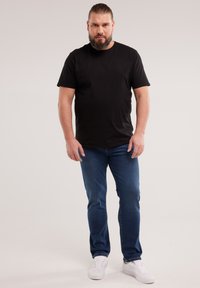 Mees, kellel on tagasitõmmatud juuksed ja habe, kannab musta t-särki, siniseid teksapükse ja valgeid tossusid, seisab ühevärvilise heleda tausta ees.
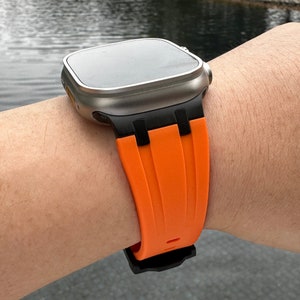Puede incluir: Un reloj inteligente plateado con una banda de silicona negra y naranja. La esfera del reloj es negra y la banda tiene un dise&ntilde;o texturizado.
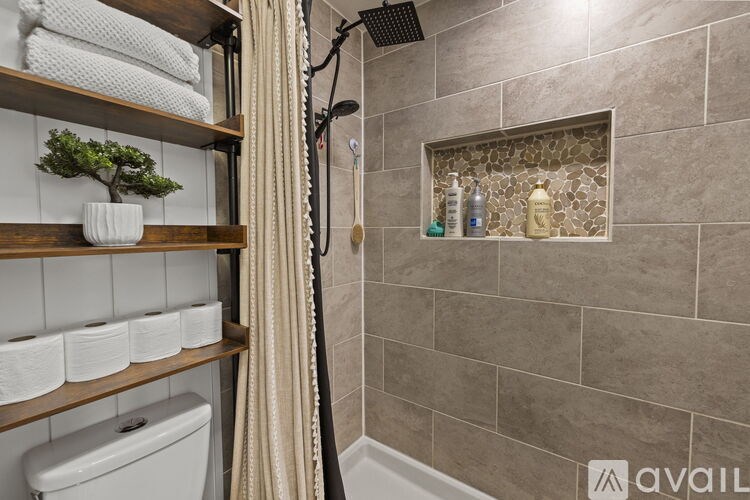 A bathroom with a shower, toiletries, and a plant.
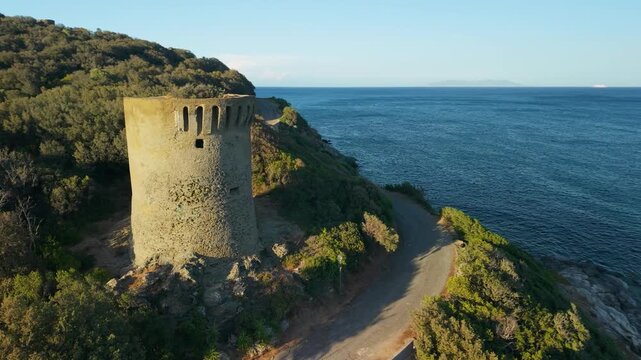 Marine de Meria Genoese tower Corsica drone orbit over tower pull back reveal seaside houses and winding D80 coastal road in golden sunset light. Cap Corse Cinematic 4K drone video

> [Task goal] Your output should consist solely of the lines from the line containing "Puede incluir: Un" through the end of the data above, copied exactly, with images removed.

> [Written solution]
Puede incluir: Un reloj inteligente plateado con una banda de silicona negra y naranja. La esfera del reloj es negra y la banda tiene un dise&ntilde;o texturizado.
 A bathroom with a shower, toiletries, and a plant.
 Marine de Meria Genoese tower Corsica drone orbit over tower pull back reveal seaside houses and winding D80 coastal road in golden sunset light. Cap Corse Cinematic 4K drone video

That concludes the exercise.